- **Given information**:
----

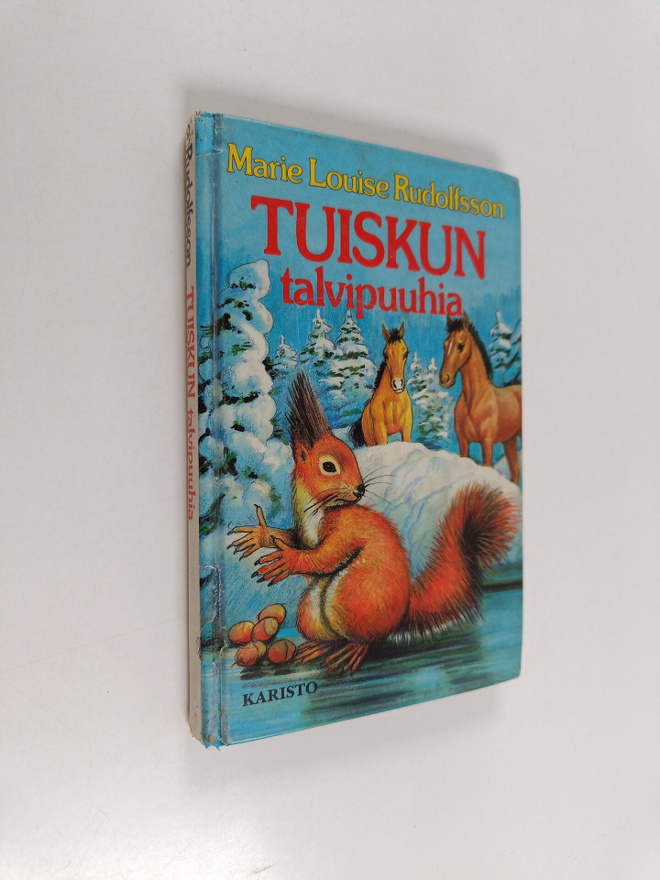 Marie Louise Rudolfsson : Tuiskun talvipuuhia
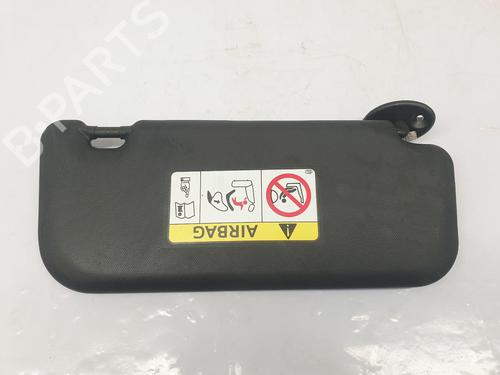 Used Left sun visor TOYOTA COROLLA Hatchback (_E21_, _EA1_, _EH1_) 1.8 Hybrid (ZWE211, ZWE219) (122 hp) 30264393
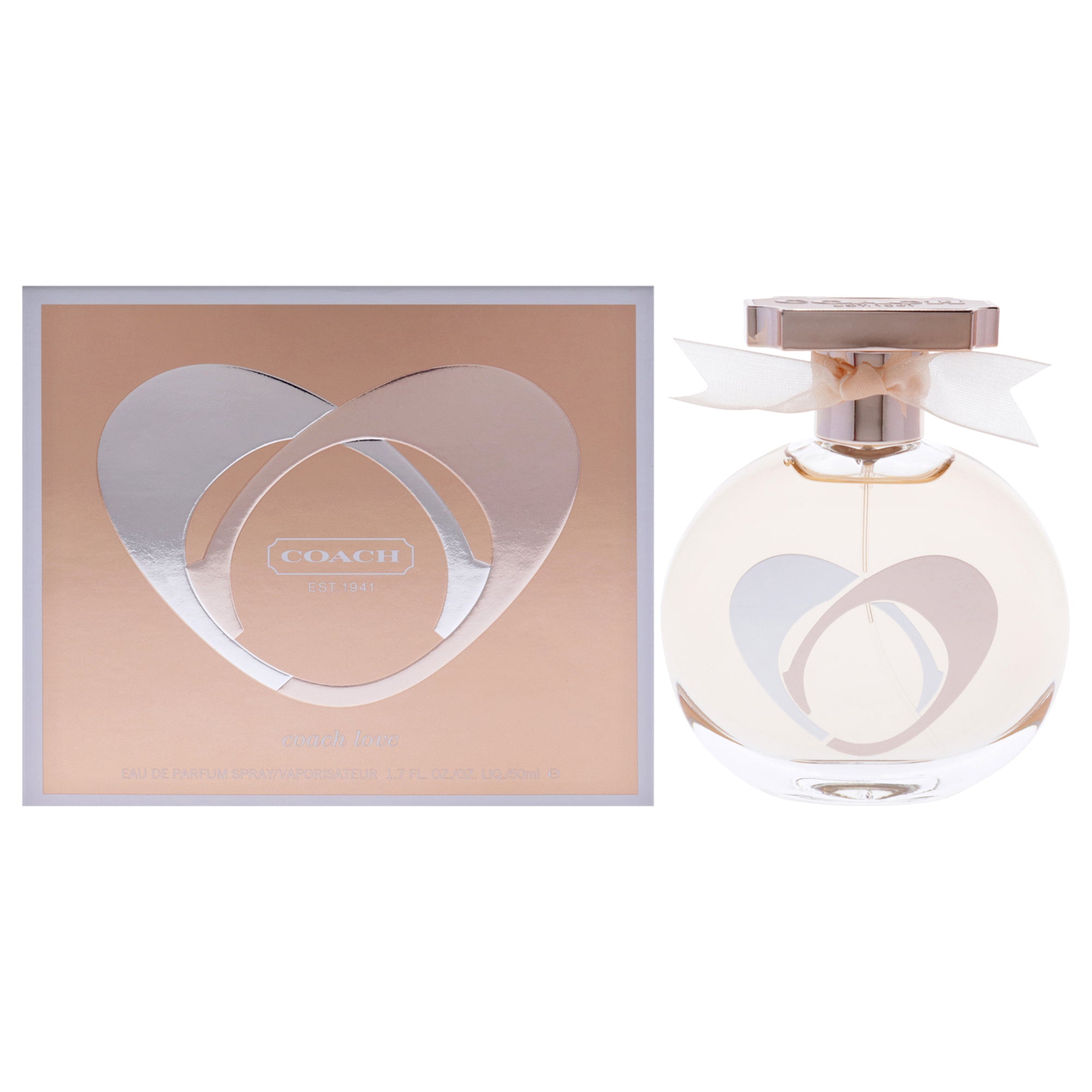 Coach Love by Coach for Women - 1.7 oz EDP Spray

----

- **What needs to be done**: Copy the data word for word. Pictures do not go in the copy.

- **Your solution**:
 Marie Louise Rudolfsson : Tuiskun talvipuuhia
 Used Left sun visor TOYOTA COROLLA Hatchback (_E21_, _EA1_, _EH1_) 1.8 Hybrid (ZWE211, ZWE219) (122 hp) 30264393
 Coach Love by Coach for Women - 1.7 oz EDP Spray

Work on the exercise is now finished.